[[ Supplied data, beginning ]]

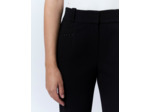 Pantalon 7/8 cigarette uni NOIR Femme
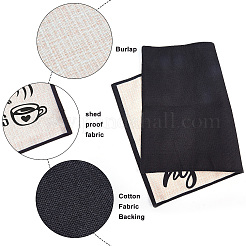 Tapis de tasse en coton et lin thème café&nbsp;AJEW-WH0201-019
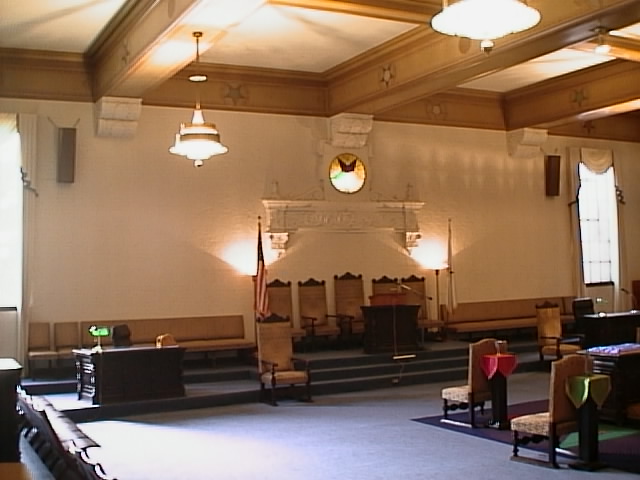 Blue meeting room, from the northwest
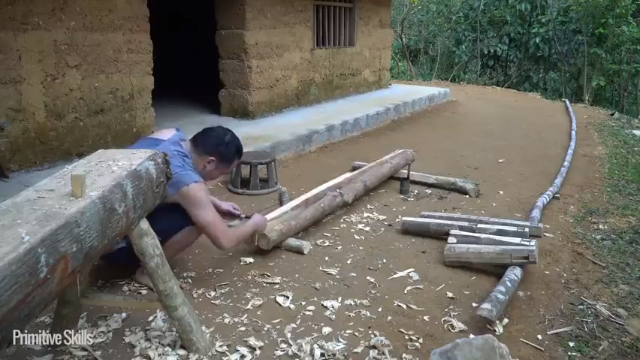 第三季更新高清E114野生床(6)【真人我的世界-空手发展-单人炼铁】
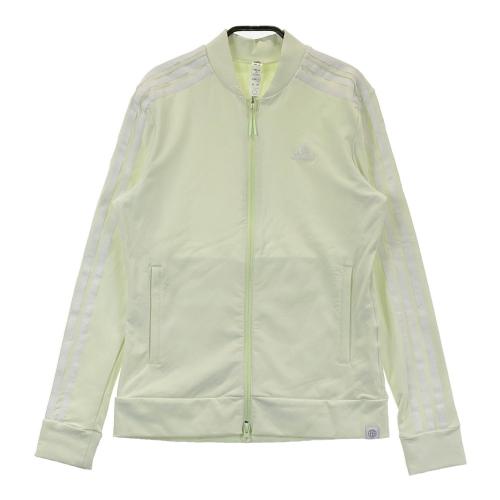 サイズ：M ADIDAS GOLF アディダスゴルフ HI1498 コーデュロイ 長袖ジャケット セットアップ スリーストライプ柄 ベージュ系 [240101461941] ゴルフウェア レディース ストスト ADIDAS GOLF アディダスゴルフ HI1498 コーデュロイ 長袖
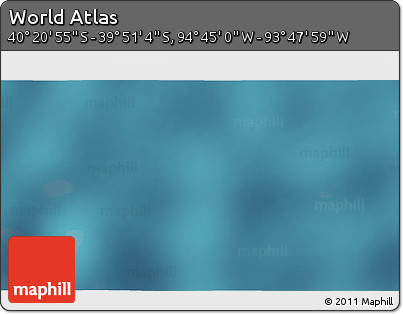 Satellite 3D Map of the Area around 40° 6' 0" S, 94° 16' 30" W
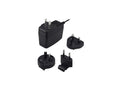 Lantronix ACC-520-0165-00 Power Supply, Wall Cube, 12VDC 12W, 4 AC Plugs, Level 6, with PSE, 2X2 3.0MM Latched Conn Output
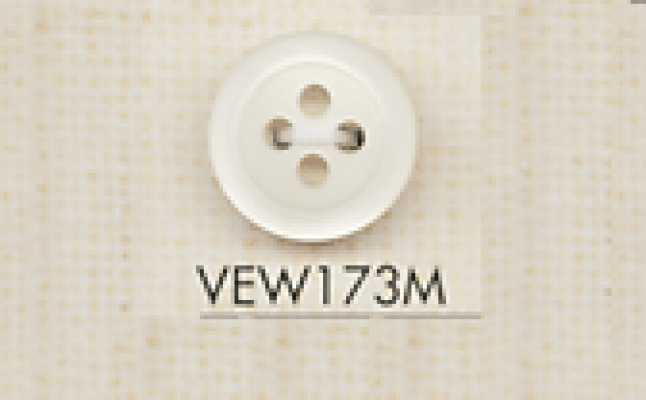VEW173M DAIYA BUTTONS زر بوليستر بنمط الصدفة
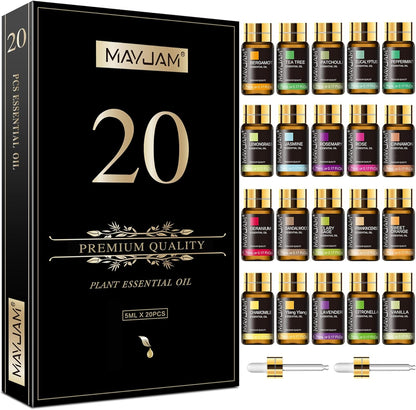 MAYJAM 35x5ML Essential Oil Set for Diffuser Massage Soap Candle Making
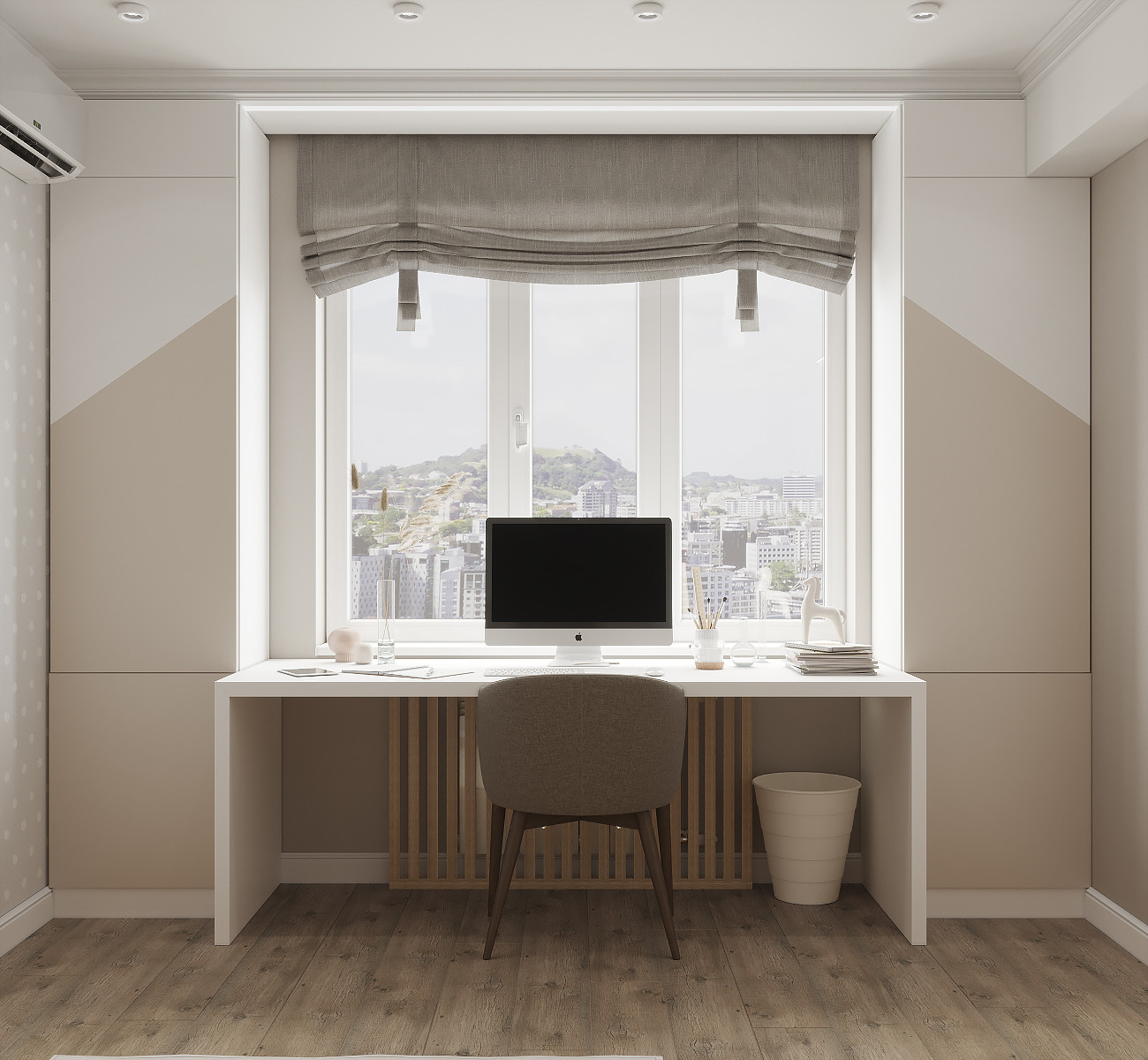 Двухкомнатная квартира с гостиной-холлом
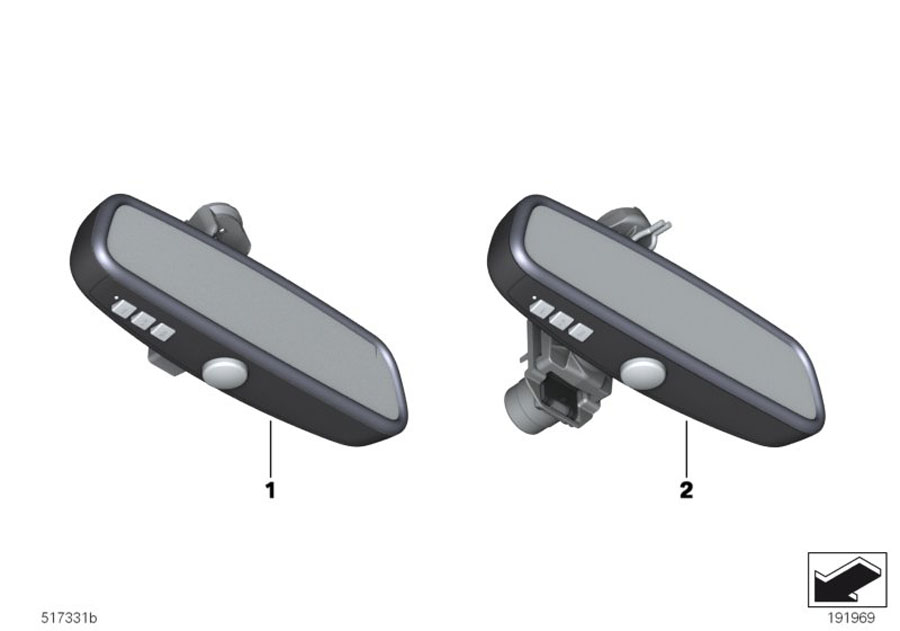 Diagram Retrofit universal remote control for your BMW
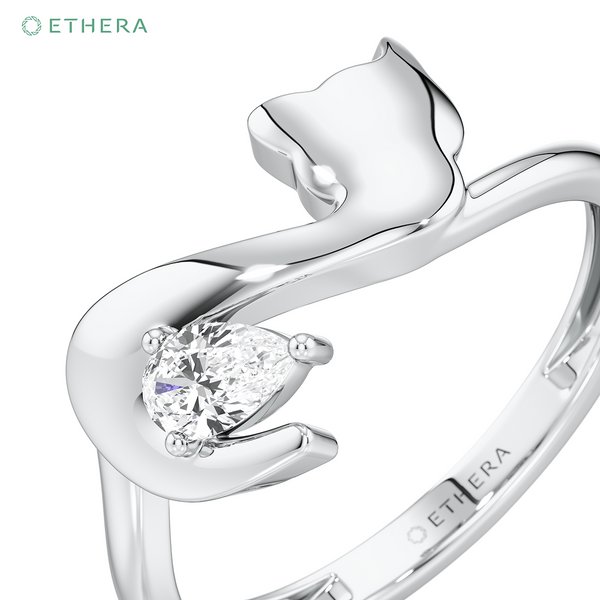 Ethera Lap Loyal Ring for Women (White Gold)
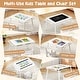 preview thumbnail 13 of 19, Costway Sensory Table & Chair Set for Kids 2-8 with Foldable Bins for - See Details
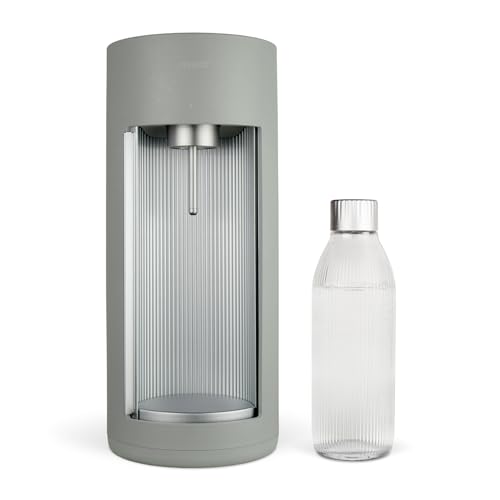 Mysoda: Stilvoller Glassy Wassersprudler aus Holzkomposit und Aluminium...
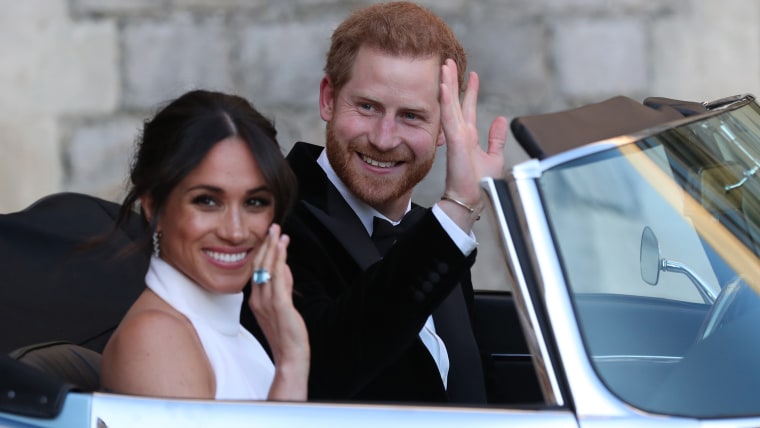 Britain's Prince Harry, Duke of Sussex, and Meghan Markle, Duchess of Sussex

[[ Supplied data, end ]]

Exercise: Each entry above must be set down word for word; none of its pictures belong in the copy.

Exercise result:
 Pantalon 7/8 cigarette uni NOIR Femme
 Tapis de tasse en coton et lin thème café&nbsp;AJEW-WH0201-019
 Blue meeting room, from the northwest
 第三季更新高清E114野生床(6)【真人我的世界-空手发展-单人炼铁】
 サイズ：M ADIDAS GOLF アディダスゴルフ HI1498 コーデュロイ 長袖ジャケット セットアップ スリーストライプ柄 ベージュ系 [240101461941] ゴルフウェア レディース ストスト ADIDAS GOLF アディダスゴルフ HI1498 コーデュロイ 長袖
 Satellite 3D Map of the Area around 40° 6' 0" S, 94° 16' 30" W
 Lantronix ACC-520-0165-00 Power Supply, Wall Cube, 12VDC 12W, 4 AC Plugs, Level 6, with PSE, 2X2 3.0MM Latched Conn Output
VEW173M DAIYA BUTTONS زر بوليستر بنمط الصدفة
 MAYJAM 35x5ML Essential Oil Set for Diffuser Massage Soap Candle Making
 Двухкомнатная квартира с гостиной-холлом
 Diagram Retrofit universal remote control for your BMW
 Ethera Lap Loyal Ring for Women (White Gold)
 preview thumbnail 13 of 19, Costway Sensory Table & Chair Set for Kids 2-8 with Foldable Bins for - See Details
 Mysoda: Stilvoller Glassy Wassersprudler aus Holzkomposit und Aluminium...
 Britain's Prince Harry, Duke of Sussex, and Meghan Markle, Duchess of Sussex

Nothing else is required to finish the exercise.